The arguments have raged in the back bars of officers clubs for years about which fighter is the greatest. (And many times a pilot’s vote is for the airplane he or she happens to be flying at that time.) But in terms of staying power and mission agility, no other military airplane can match the track record of the venerable F-4 Phantom.


Here are 7 photos that prove the point:

1. Air-to-air

The Phantom was the first American military jet made with air-to-air missiles as the primary offensive weapon, and over the course of the airplane’s long history that capability was used to good effect by the U.S. Air Force, U.S. Navy, U.S. Marine Corps and a host of foreign countries including Israel, Iran, and Turkey.

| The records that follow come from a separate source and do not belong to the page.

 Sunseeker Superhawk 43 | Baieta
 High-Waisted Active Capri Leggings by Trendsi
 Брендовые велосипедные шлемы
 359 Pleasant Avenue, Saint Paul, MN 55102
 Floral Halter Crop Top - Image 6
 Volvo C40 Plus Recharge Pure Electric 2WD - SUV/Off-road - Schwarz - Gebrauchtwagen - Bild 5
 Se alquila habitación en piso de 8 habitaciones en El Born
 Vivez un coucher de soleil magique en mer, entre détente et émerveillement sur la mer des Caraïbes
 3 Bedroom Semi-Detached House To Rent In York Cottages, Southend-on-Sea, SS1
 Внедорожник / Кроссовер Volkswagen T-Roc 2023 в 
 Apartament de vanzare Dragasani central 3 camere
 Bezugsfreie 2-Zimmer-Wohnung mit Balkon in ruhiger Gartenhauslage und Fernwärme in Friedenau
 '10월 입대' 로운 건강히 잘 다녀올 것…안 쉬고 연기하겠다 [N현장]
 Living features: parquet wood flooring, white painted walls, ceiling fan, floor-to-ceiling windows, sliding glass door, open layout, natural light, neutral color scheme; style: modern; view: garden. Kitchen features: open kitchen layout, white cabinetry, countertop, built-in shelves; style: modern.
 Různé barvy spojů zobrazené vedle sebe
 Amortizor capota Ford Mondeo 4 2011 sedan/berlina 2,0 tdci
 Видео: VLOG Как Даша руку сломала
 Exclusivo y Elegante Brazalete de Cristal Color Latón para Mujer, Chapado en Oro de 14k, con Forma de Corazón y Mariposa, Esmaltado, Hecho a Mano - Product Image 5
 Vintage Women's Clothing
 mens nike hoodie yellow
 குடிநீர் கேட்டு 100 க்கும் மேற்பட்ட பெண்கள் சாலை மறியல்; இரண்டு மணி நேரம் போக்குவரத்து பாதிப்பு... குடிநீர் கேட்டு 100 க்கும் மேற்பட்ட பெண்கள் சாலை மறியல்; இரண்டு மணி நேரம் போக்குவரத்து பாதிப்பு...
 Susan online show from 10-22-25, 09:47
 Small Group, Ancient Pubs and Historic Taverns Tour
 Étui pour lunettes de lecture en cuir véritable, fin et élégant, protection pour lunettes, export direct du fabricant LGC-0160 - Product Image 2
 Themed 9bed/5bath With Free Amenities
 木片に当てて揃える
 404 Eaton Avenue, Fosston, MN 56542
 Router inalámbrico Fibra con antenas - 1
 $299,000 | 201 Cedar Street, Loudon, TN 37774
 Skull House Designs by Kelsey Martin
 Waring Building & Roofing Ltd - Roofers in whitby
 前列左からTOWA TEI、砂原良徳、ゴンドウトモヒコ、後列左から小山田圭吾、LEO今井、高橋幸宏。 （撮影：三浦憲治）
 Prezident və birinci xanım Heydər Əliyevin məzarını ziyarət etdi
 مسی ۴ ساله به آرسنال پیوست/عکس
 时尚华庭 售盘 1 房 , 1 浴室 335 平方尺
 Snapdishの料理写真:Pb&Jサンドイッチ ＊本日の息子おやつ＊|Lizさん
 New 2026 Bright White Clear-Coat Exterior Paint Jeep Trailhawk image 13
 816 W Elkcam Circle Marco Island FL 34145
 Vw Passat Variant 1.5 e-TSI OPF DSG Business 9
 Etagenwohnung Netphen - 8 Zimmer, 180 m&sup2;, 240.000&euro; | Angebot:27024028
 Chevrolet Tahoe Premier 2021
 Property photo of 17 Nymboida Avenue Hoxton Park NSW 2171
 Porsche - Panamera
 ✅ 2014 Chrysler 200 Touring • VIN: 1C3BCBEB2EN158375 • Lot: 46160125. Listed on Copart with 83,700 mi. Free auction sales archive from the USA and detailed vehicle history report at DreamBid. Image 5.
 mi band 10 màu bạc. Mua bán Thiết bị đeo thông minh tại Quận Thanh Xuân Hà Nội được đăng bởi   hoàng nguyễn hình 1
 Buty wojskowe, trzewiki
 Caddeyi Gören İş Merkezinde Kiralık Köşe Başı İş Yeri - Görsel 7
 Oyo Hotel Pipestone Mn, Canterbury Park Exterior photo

USAF F-4 crews alone scored over 107 kills during the Vietnam War.

2. Air-to-ground

(Photo: USMC)

The F-4’s bombing capability made it a workhorse during the Vietnam War. The Phantom’s power and number of weapons stations allowed it to carry a wide variety of ordnance, which allowed it to be tailored to a specific mission in ways that were impossible for other airplanes.

3. SAM suppression

(Photo: USAF)

The “Wild Weasel” variant of the F-4 had the mission of flying into surface-to-air missile envelopes in order to coax SAM operators to come to life. Once they did, the Wild Weasels would take the SAM sites out with Shrike missiles or conventional bombs, but in the process aircrews often found themselves dodging missiles shot at them from the ground.

4. Reconnaissance

Turkish RF-4 over Syria. (Photo: NATO)

The photo version of the Phantom had cameras in the nose cone and took advantage of the jet’s speed and agility to get important imagery to military decision-makers in a hurry.

5. Test and evaluation

(Photo: U.S. Navy)

Phantoms were used by NASA and a variety of military TE squadrons for data points around supersonic flight and other mission areas. At one time the F-4 held 15 world records for flight performance. Here, VX-4’s “Vandy One” with arguably the coolest paint job in military history chases an SR-71 over the Mohave Desert.

6. Flight demonstration

Blue Angels diamond flies along show center at Nellis AFB with Thunderbird No. 1 parked on the ramp in the foreground. (Photo: U.S. Navy)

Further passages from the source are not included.